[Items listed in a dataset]
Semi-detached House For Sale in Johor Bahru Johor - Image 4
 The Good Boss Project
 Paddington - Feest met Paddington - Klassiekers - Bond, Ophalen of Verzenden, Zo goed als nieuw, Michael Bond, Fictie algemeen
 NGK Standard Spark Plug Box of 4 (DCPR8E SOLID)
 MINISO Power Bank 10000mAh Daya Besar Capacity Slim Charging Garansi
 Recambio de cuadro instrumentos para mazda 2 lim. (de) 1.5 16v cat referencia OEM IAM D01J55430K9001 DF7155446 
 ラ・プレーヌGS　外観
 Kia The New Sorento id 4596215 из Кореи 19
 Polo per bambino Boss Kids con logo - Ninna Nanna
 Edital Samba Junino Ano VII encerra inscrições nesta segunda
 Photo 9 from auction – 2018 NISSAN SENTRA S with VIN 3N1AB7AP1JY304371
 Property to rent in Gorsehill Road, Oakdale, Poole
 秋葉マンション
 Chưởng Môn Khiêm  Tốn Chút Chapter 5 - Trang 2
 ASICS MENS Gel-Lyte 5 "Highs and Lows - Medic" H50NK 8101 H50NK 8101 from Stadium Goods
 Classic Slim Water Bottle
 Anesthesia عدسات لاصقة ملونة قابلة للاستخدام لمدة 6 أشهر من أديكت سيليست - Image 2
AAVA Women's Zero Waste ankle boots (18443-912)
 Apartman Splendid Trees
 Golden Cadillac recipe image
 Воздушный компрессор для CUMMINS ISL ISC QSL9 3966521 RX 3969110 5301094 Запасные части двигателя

PROBLEM TO WORK ON:
Write out each line of the data above again, exactly as given.

WRITTEN ANSWER:
Semi-detached House For Sale in Johor Bahru Johor - Image 4
 The Good Boss Project
 Paddington - Feest met Paddington - Klassiekers - Bond, Ophalen of Verzenden, Zo goed als nieuw, Michael Bond, Fictie algemeen
 NGK Standard Spark Plug Box of 4 (DCPR8E SOLID)
 MINISO Power Bank 10000mAh Daya Besar Capacity Slim Charging Garansi
 Recambio de cuadro instrumentos para mazda 2 lim. (de) 1.5 16v cat referencia OEM IAM D01J55430K9001 DF7155446 
 ラ・プレーヌGS　外観
 Kia The New Sorento id 4596215 из Кореи 19
 Polo per bambino Boss Kids con logo - Ninna Nanna
 Edital Samba Junino Ano VII encerra inscrições nesta segunda
 Photo 9 from auction – 2018 NISSAN SENTRA S with VIN 3N1AB7AP1JY304371
 Property to rent in Gorsehill Road, Oakdale, Poole
 秋葉マンション
 Chưởng Môn Khiêm  Tốn Chút Chapter 5 - Trang 2
 ASICS MENS Gel-Lyte 5 "Highs and Lows - Medic" H50NK 8101 H50NK 8101 from Stadium Goods
 Classic Slim Water Bottle
 Anesthesia عدسات لاصقة ملونة قابلة للاستخدام لمدة 6 أشهر من أديكت سيليست - Image 2
AAVA Women's Zero Waste ankle boots (18443-912)
 Apartman Splendid Trees
 Golden Cadillac recipe image
 Воздушный компрессор для CUMMINS ISL ISC QSL9 3966521 RX 3969110 5301094 Запасные части двигателя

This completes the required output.